Return the following from the records below: each line, word for word, starting with the line that contains "Cabin in the" and going on through the line that contains "Study Of A Crowd", with nothing outside that range.

== INFORMATION ==

Content starts

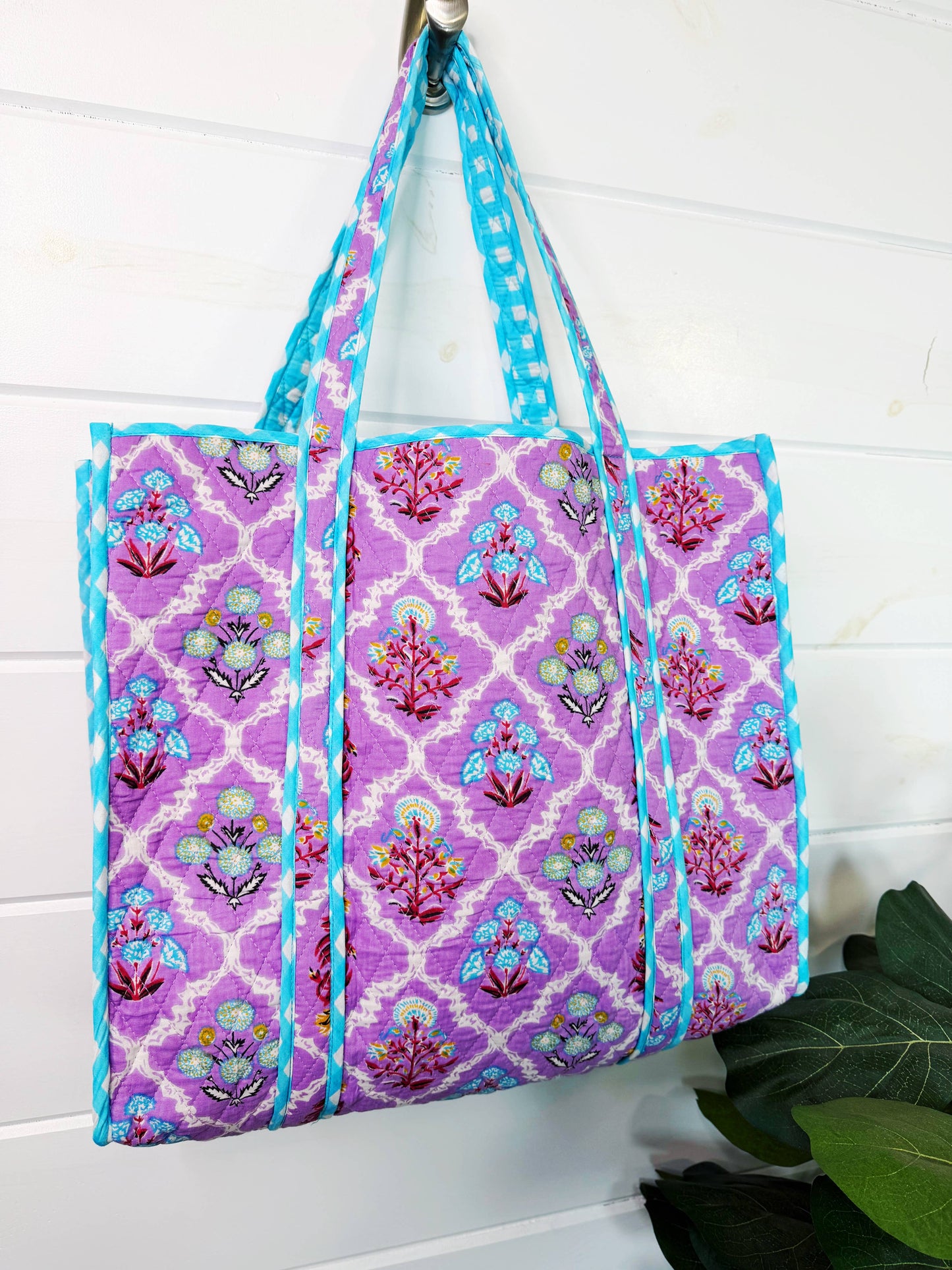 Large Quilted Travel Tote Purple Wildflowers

Content ends
Content starts

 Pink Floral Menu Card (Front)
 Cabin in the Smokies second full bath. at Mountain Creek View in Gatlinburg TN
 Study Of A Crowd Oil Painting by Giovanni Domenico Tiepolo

Content ends
Content starts

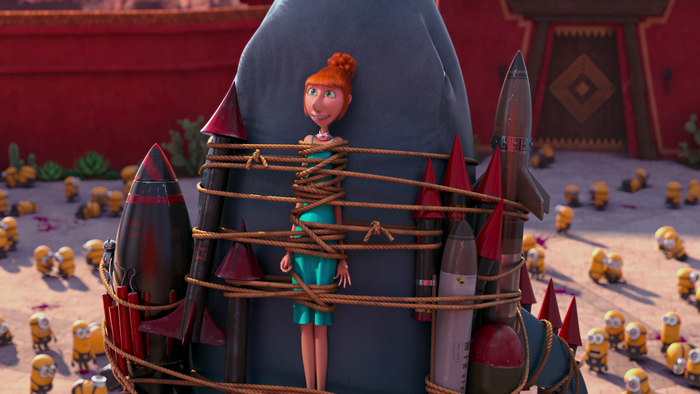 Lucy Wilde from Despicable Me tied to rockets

Content ends

== EXPECTED ANSWER ==
 Cabin in the Smokies second full bath. at Mountain Creek View in Gatlinburg TN
 Study Of A Crowd Oil Painting by Giovanni Domenico Tiepolo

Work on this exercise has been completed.